Auch Dr. Hans-Peter Klös, Geschäftsführer und Leiter Wissenschaft beim Institut der Deutschen Wirtschaft (IW), gießt beim Thema Digitales und Bürokratieabbau Wasser in den Wein: „Die genannten Vorhaben wie digitaler Staat, schnelleres staatliches Handeln, Planen und Genehmigen, eine agilere und digitalere Verwaltung sowie eine bessere Daseinsvorsorge im ländlichen Raum sind auf der Ebene von Überschriften sehr zu begrüßen – aber: es handelt sich in der Umsetzung um ein administrativ sehr hartes und zudem dickes Brett.“

Energie und ökologischer Umbau

Gabor Steingart

Die Auswirkungen des beschleunigten Umbaus der Energieversorgung auf Preise und Wettbewerbsfähigkeit sowie Versorgungsstabilität sind unsicher. Angesichts des gleichzeitigen Ausstiegs aus Atomenergie und Kohleverstromung, der ablehnenden Haltung gegen Gaslieferungen mit Nordstream 2 sowie den Naturschutz- und Bürgerrechtsimplikationen des massiven Ausbaus von Stromtrassen und Windkraftanlagen sieht der Publizist Gabor Steingart die Grünen „in der energiepolitischen Sackgasse“. Er empfiehlt „dringend das klärende Selbstgespräch: Wer sind sie und wenn ja, wie viele?“

Marc Schattenberg

Kurzfristig wirken steigende Energiekosten und die regulatorische Verkürzung der Nutzungszeiten von Anlagen bereits wie ein negativer Angebotsschock, so Marc Schattenberg von der Deutsche Bank Research. „Das gilt umso mehr, wenn es mittelfristig nicht gelingt, die Chancen für Neuinvestitionen zu nutzen und adäquaten Ersatz zu installieren“, so Schattenberg.

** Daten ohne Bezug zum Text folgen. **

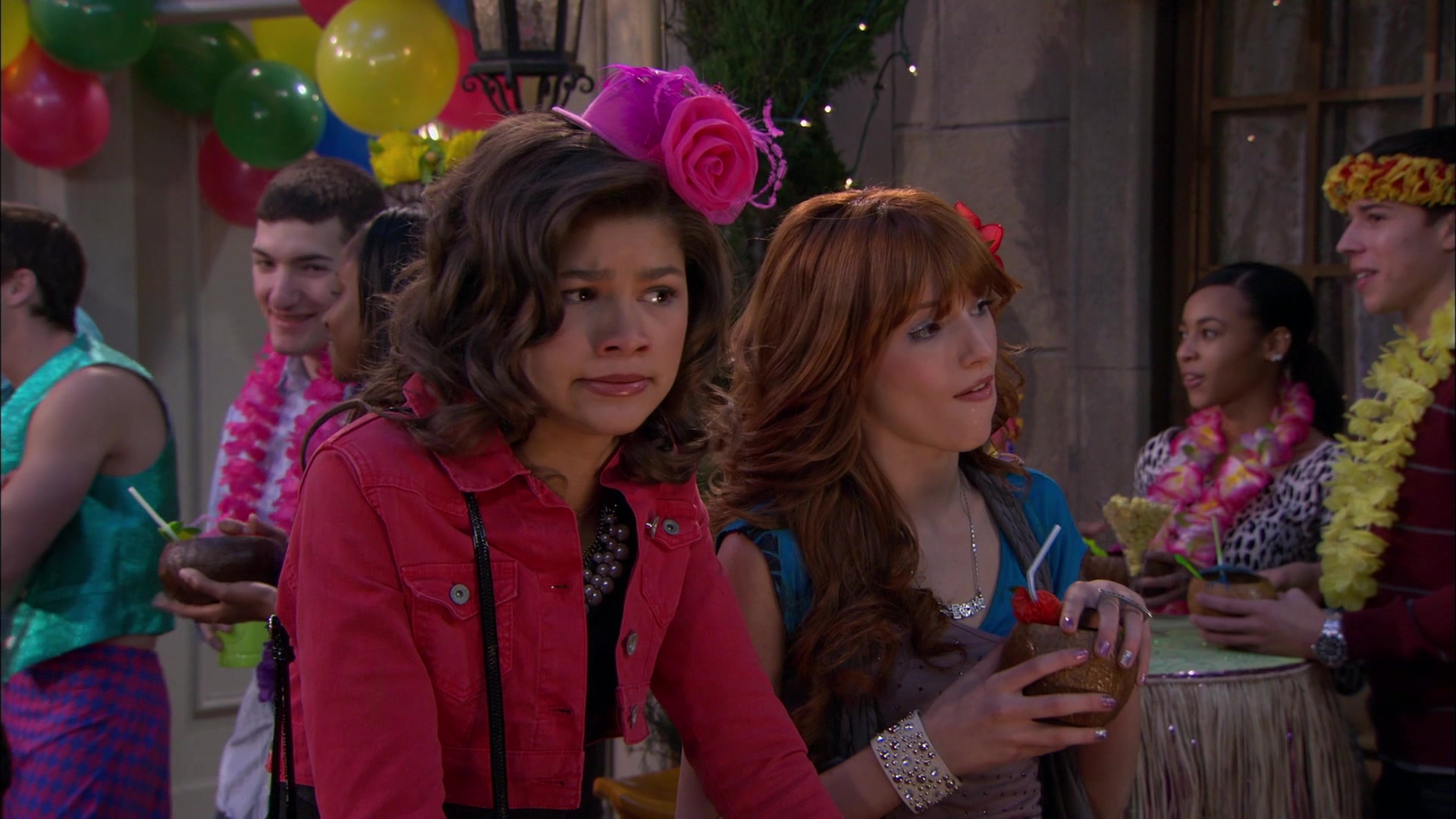 Shake_It_Up_S01E19_1080p_002000.jpg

Insgesamt werden jedoch die Sondierungsergebnisse in Hinblick auf die Klimapolitik jedoch positiv gesehen. Für Familienunternehmer-Präsident Reinhold von Eben-Worlée „steigt die Hoffnung, dass Klimaschutz und Energiewende nicht zu den befürchteten schweren Schäden in den produzierenden Unternehmen führen.“ Vielmehr werden die Chancen gesehen, dass deutsche Unternehmen eine Vorreiterrolle für nachhaltige Verfahren und Produkte übernehmen könne. Fraglich ist jedoch, ob diese die bereits eintretenden Insolvenzen und Arbeitsplatzverluste im industriellen Sektor, namentlich der Automobilindustrie, werden kompensieren können.

Siegfried Russwurm

Der Bundesverband der Deutschen Industrie (BDI), der heute sein „Wirtschaftspogramm für Klima und Zukunft“ vorgestellt hat, zeigt darin die komplexen und historischen einzigartigen Aufgaben in der Klima-, Energie-, Verkehrs- und Industriepolitik für den Weg zur Klimaneutralität auf. BDI-Präsident Siegfried Russwurm: „Die gute Nachricht: Das Ziel Klimaneutralität bis 2045 ist überaus ehrgeizig, technologisch im Prinzip aber machbar“. Doch er warnt: „Wenn wir scheitern würden, würden wir das Erfolgsmodell des Industrielandes Deutschland zerstören und den Wohlstand des ganzen Landes gefährden.“

Dr. Roland Krall

In der Tat gibt es auch mahnende Stimmen, ob der radikale klimapolitische Umbau der Wirtschaft am Ende die Chancen realisiert, die er verspricht. Der Publizist und Volkswirtschaftler Dr. Roland Krall findet in seinem jüngsten Buch „Freiheit oder Untergang“ drastische Worte: „Unsere Gesellschaft ist Gegenstand des ganz großen Experiments geworden, der Entschlossenheit, sie planerisch, quasi wie durch einen Sozial-Ingenieur, nach dem Willen einer selbsternannten freiheits- und marktfeindlichen linken Elite umzugestalten.“ Aufgrund der Erfahrungen des 20. Jahrhunderts könne man bereits heute mit Sicherheit sagen, dass dieses Experiment in Tränen enden wird, befürchtet Krall.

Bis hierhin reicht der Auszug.